- Conservation status: Least Concern (IUCN 3.1)

Scientific classification
- Kingdom: Plantae
- Clade: Embryophytes
- Clade: Tracheophytes
- Clade: Spermatophytes
- Clade: Angiosperms
- Clade: Magnoliids
- Order: Magnoliales
- Family: Myristicaceae
- Genus: Myristica
- Species: M. chartacea
- Binomial name: Myristica chartacea Gillespie (1931)

= Myristica chartacea =

- Authority: Gillespie (1931)
- Conservation status: LC

Species of flowering plant

Myristica chartacea is a species of flowering plant in the nutmeg family, Myristicaceae. It is a tree endemic to Fiji.

Myristica chartacea is an evergreen tree which grows up to 24 meters tall. It flowers and sets fruit throughout the year.

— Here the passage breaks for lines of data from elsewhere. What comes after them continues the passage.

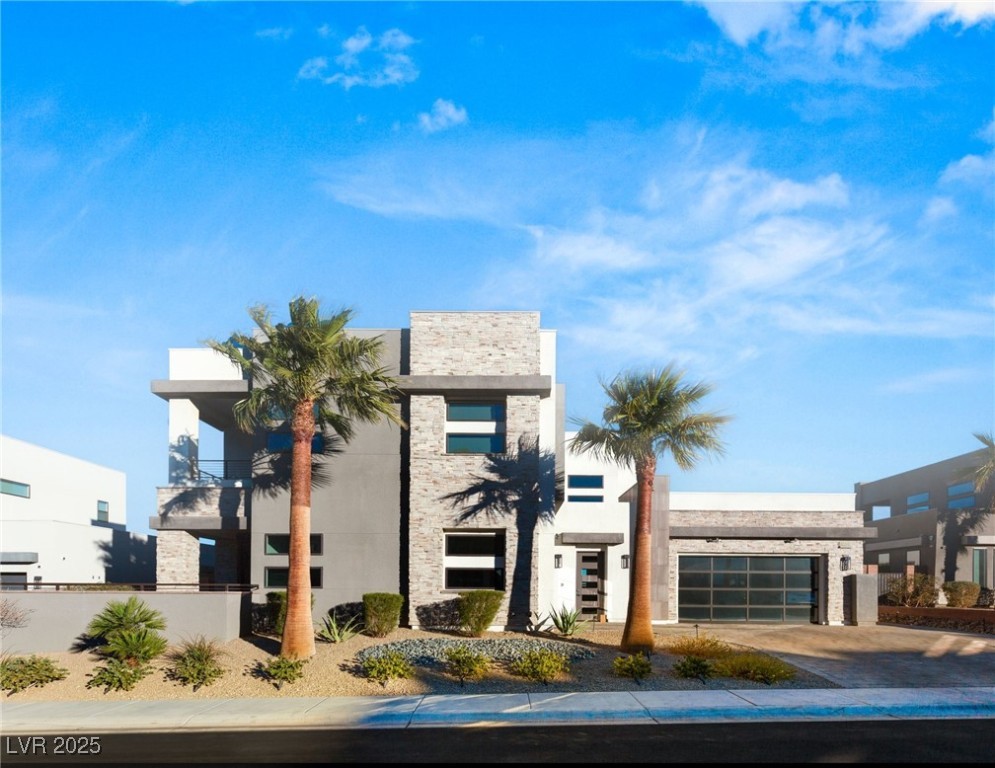 4024 Desert Trace Court Property Photo 2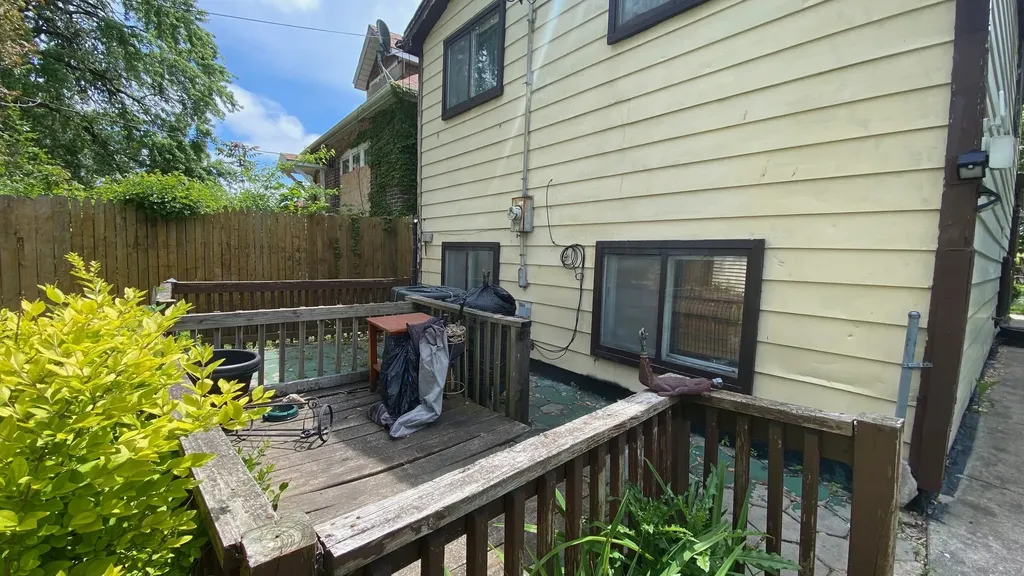 1040 West 104th Street Chicago IL 60643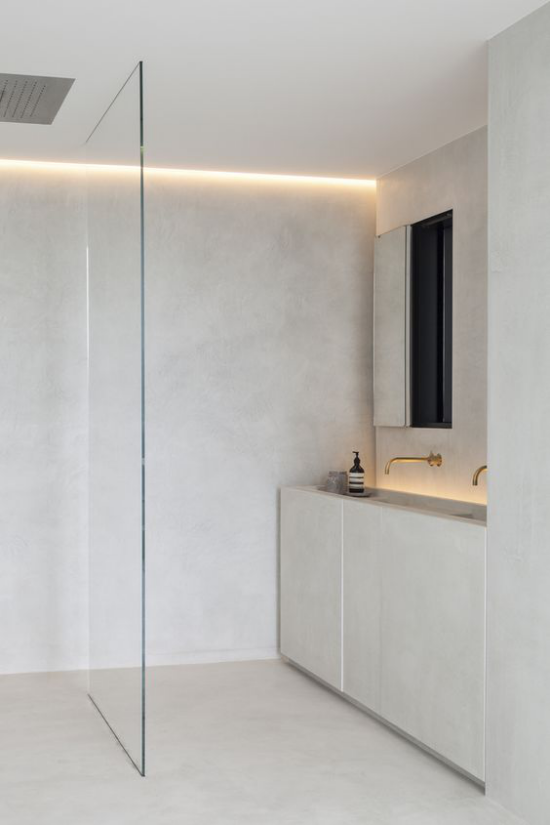 Moderne Badezimmer im minimalistischen Stil schlichtes Design gerade Linien eingebaute Beleuchtung Glaswand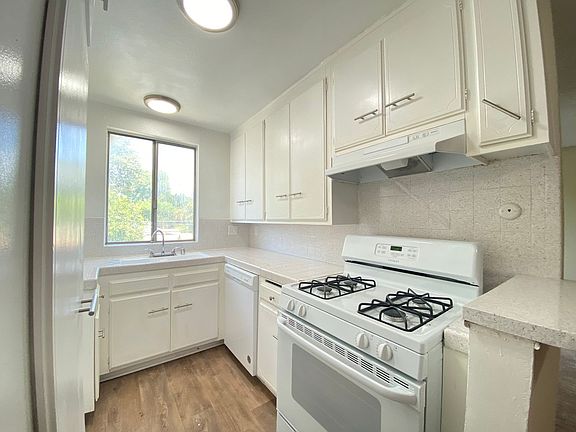 3rd image of 8455 Lindley Ave #314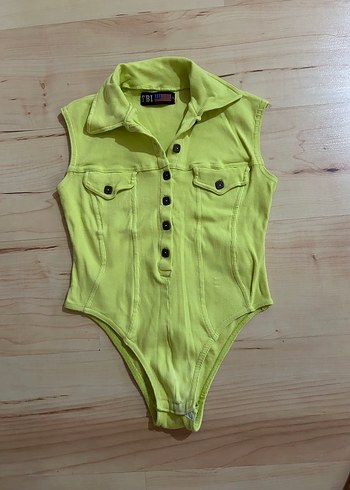 Düğmeli Kolsuz Çıtçıtlı Body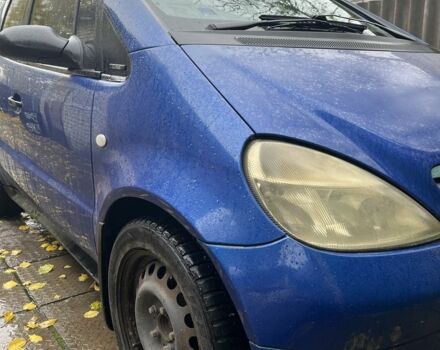 Синий Мерседес А класс, объемом двигателя 1.4 л и пробегом 230 тыс. км за 3500 $, фото 1 на Automoto.ua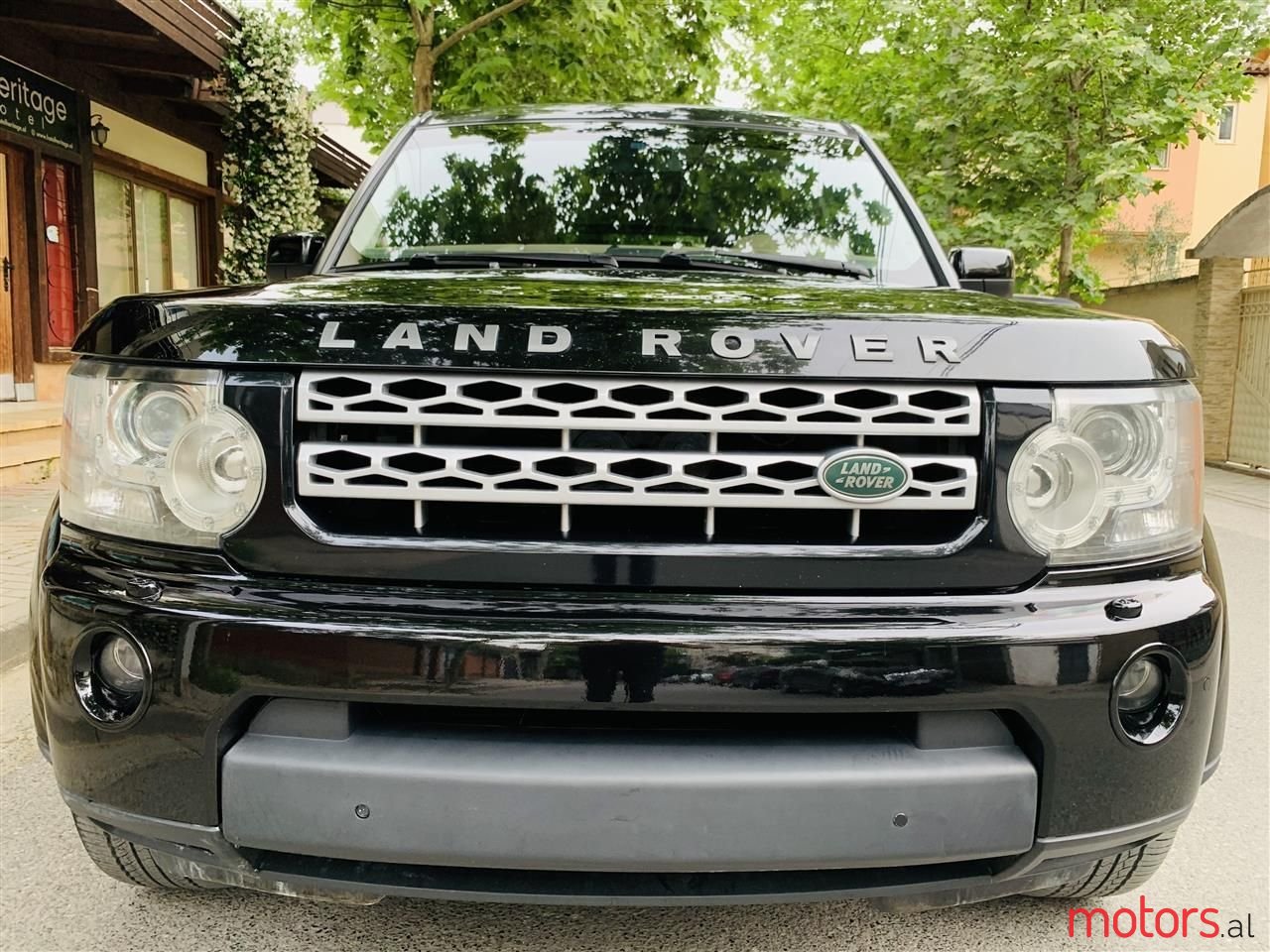 2011' Land Rover Discovery photo #1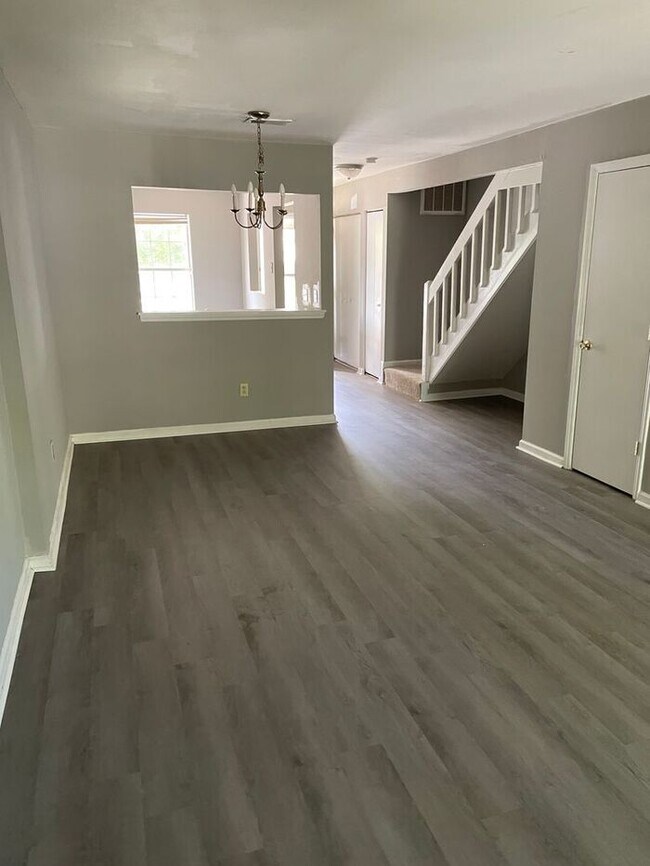 Building Photo - Renovated 2 bedroom 2.5 bath townhome.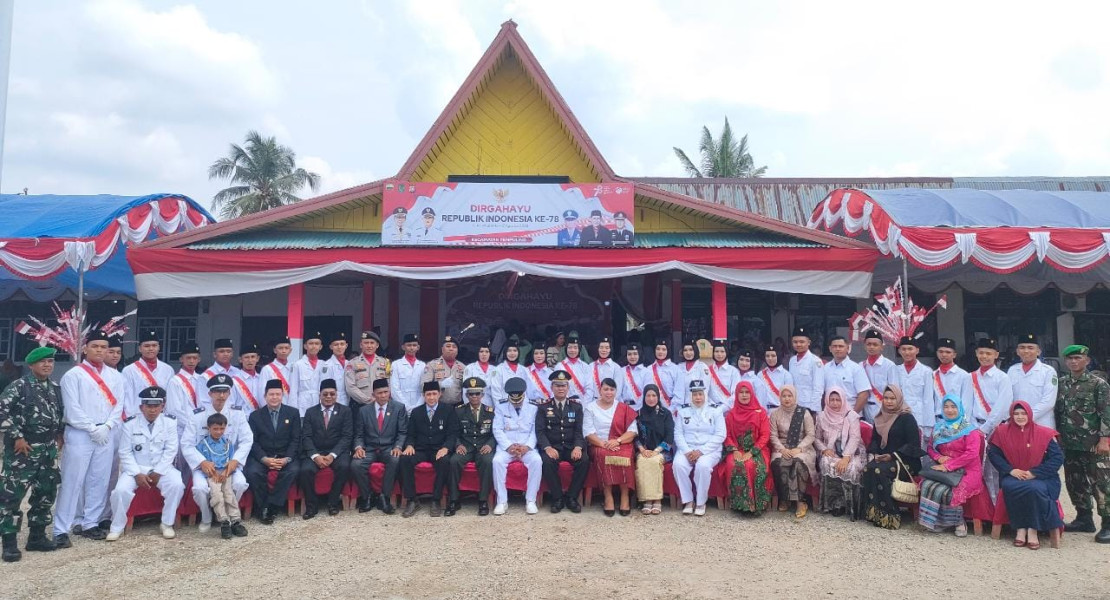 Danramil 03/Tpl Beserta Anggota Hadiri Giat Upacara HUT RI Ke-78 di Kecamatan Tempuling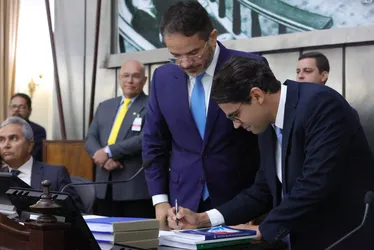 Gilvan Filho assume vice da ALE após eleição sem concorrência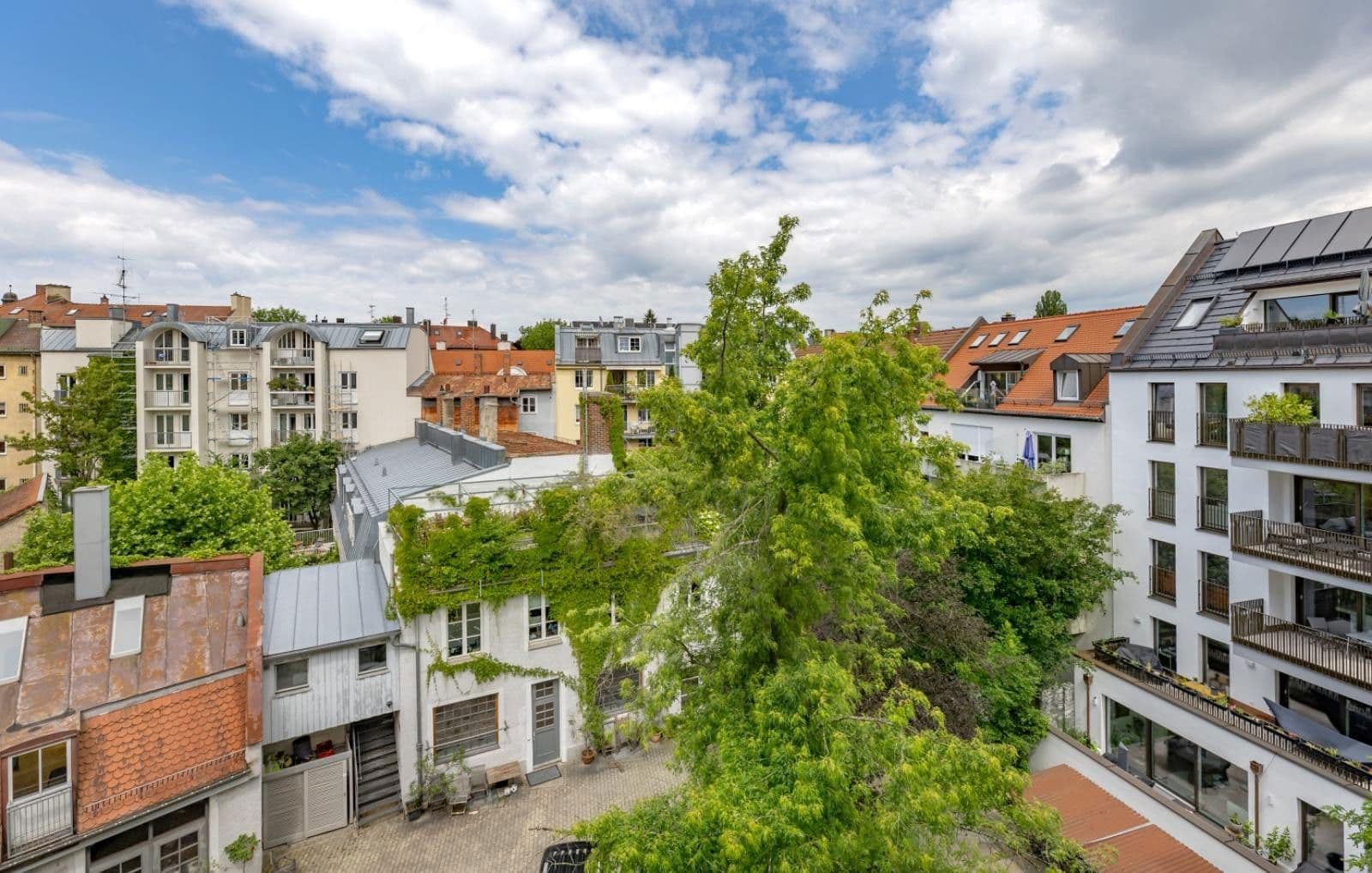 Pronájem bytu 1+1 22 m², Emil-Riedel-Straße 11, München, Bavorsko Pronájem bytu 1+1 22 m², Emil-Riedel-Straße 11, München, Bavorsko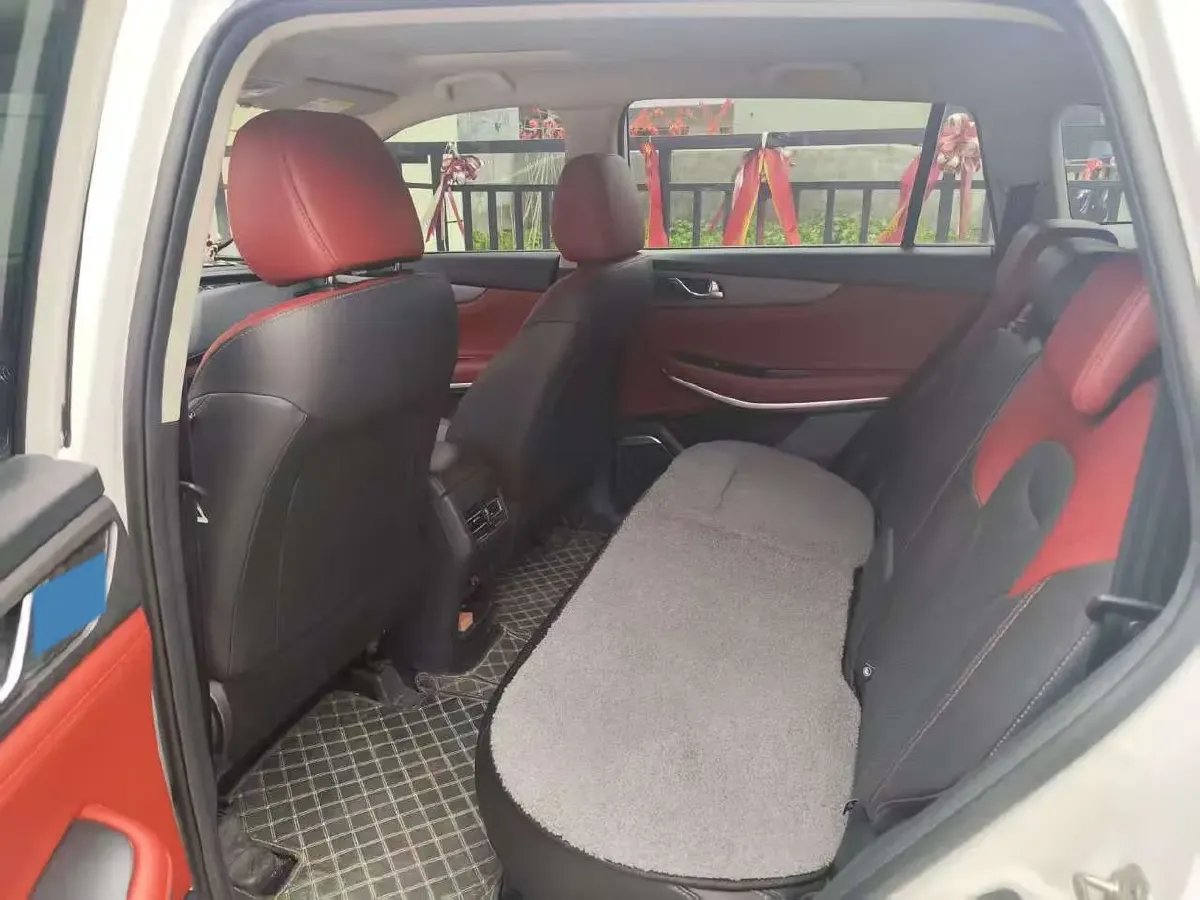 2023 ChangAn CS75 1.5T 188HP L4 7DCT,autocango,china used car exporter,china ev exporter,chinese used car exporter,chinese used ev exporter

It is native to the islands of Viti Levu, Vanua Levu, Gau, and Ovalau. It grows in both primary and secondary tropical moist forest, from 50 to 900 meters elevation. Its seedlings prefer shade for growth. It is common across its range.

Timber from the tree is used for a variety of local purposes, and is exported. Export is limited by a quota, and the species is replanted. Timber harvesting and other human activities are not considered major threats to the species, and its conservation status is assessed as least concern.